To quote Douglas Adams… “Space is big. You just won’t believe how vastly, hugely, mind-bogglingly big it is.”

We are accustomed to using miles or kilometers when considering distance. These are the distances that we experience in our everyday lives. Driving to work or the supermarket, we do not travel very far compared to the distances faced by those who study the stars. Those wanting to discuss distances beyond our little planet, the distances to the stars and galaxies face a quandary… The universe is just too big, when using these familiar units the number of zeros become impractical and the numbers cease to be convenient, or even understandable. To express distances in the cosmos, astronomers just need a bigger tape measure.

Andromeda Galaxy
The Andromeda Galaxy, 2.5 million light years away
When expressing distances among the stars we turn to the same phenomena we use to observe the stars, starlight itself. We know that light travels fast, covering huge distances very quickly.

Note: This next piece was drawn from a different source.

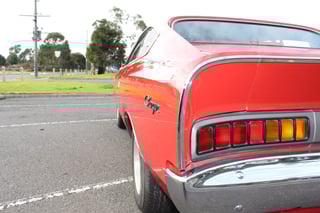 1974 VJ Valiant Charger 770 318 V8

Light, just another form of electromagnetic energy, is a universal constant across the universe, how far it travels in a given time is a convenient standard by which to measure the universe.

In a few minutes light travels across our solar system, in a few years it can reach the nearby stars. Thus a distance unit that makes sense in astronomy… The light-year, the distance light travels in a single year. With this we have a convenient unit of distance, one that links the concepts of distance and time. A simple bit of math converts the light-year into familiar units… 9.45 trillion kilometers or 5.86 trillion miles.